Repeat exactly the lines of the material below that run from the "May include: A" line to the "A building with" line, including both, and do not carry over any pictures.

> Information given:
=== Section Start ===

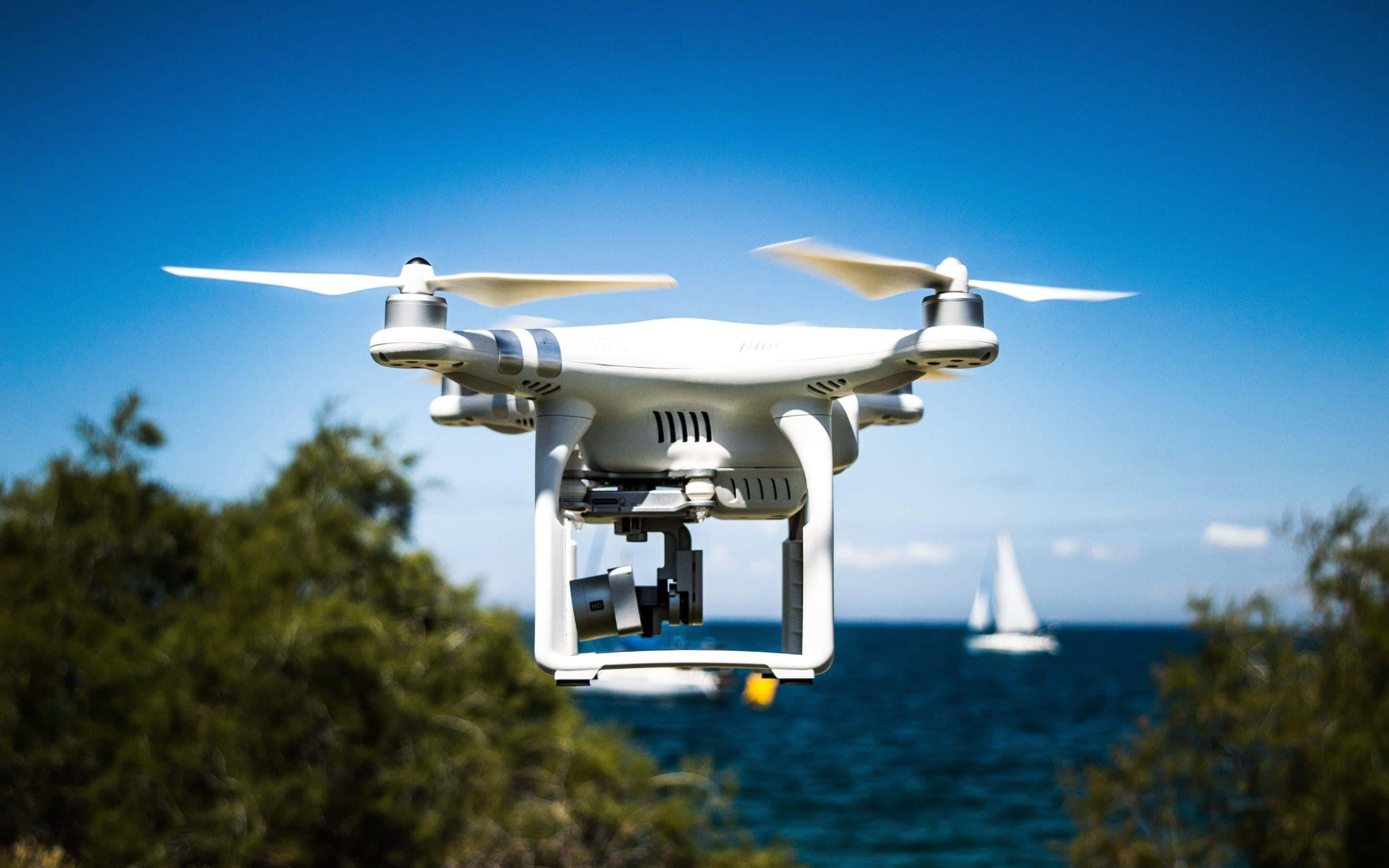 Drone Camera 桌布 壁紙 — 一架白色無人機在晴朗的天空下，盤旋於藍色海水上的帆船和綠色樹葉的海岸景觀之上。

=== Section End ===
=== Section Start ===

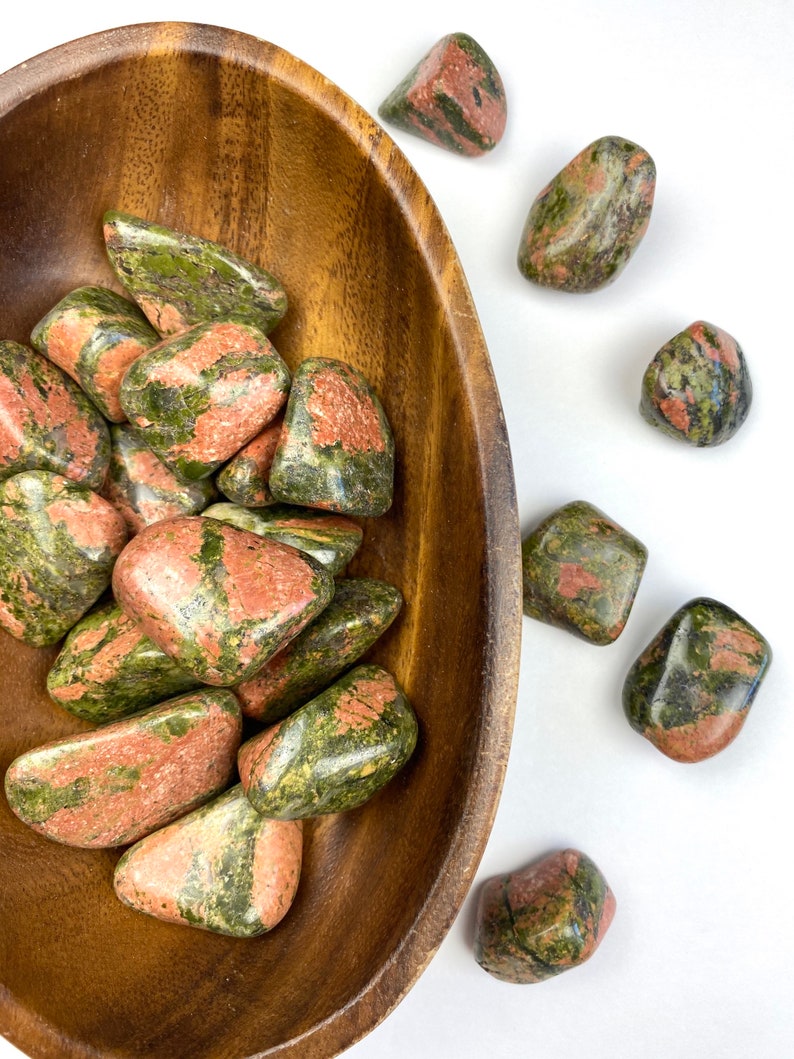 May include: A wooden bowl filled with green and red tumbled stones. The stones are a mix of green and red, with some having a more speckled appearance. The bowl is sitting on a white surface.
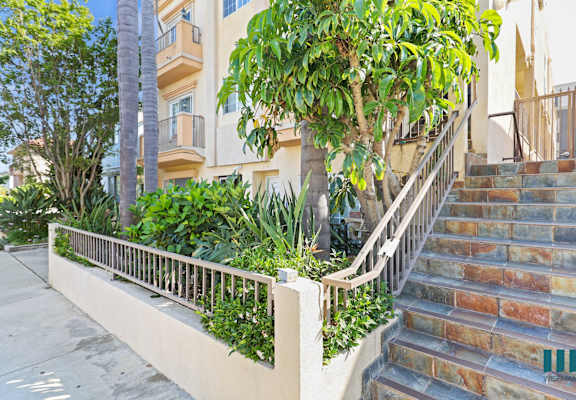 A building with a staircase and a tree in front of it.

=== Section End ===

> Solution to this task:
 May include: A wooden bowl filled with green and red tumbled stones. The stones are a mix of green and red, with some having a more speckled appearance. The bowl is sitting on a white surface.
 A building with a staircase and a tree in front of it.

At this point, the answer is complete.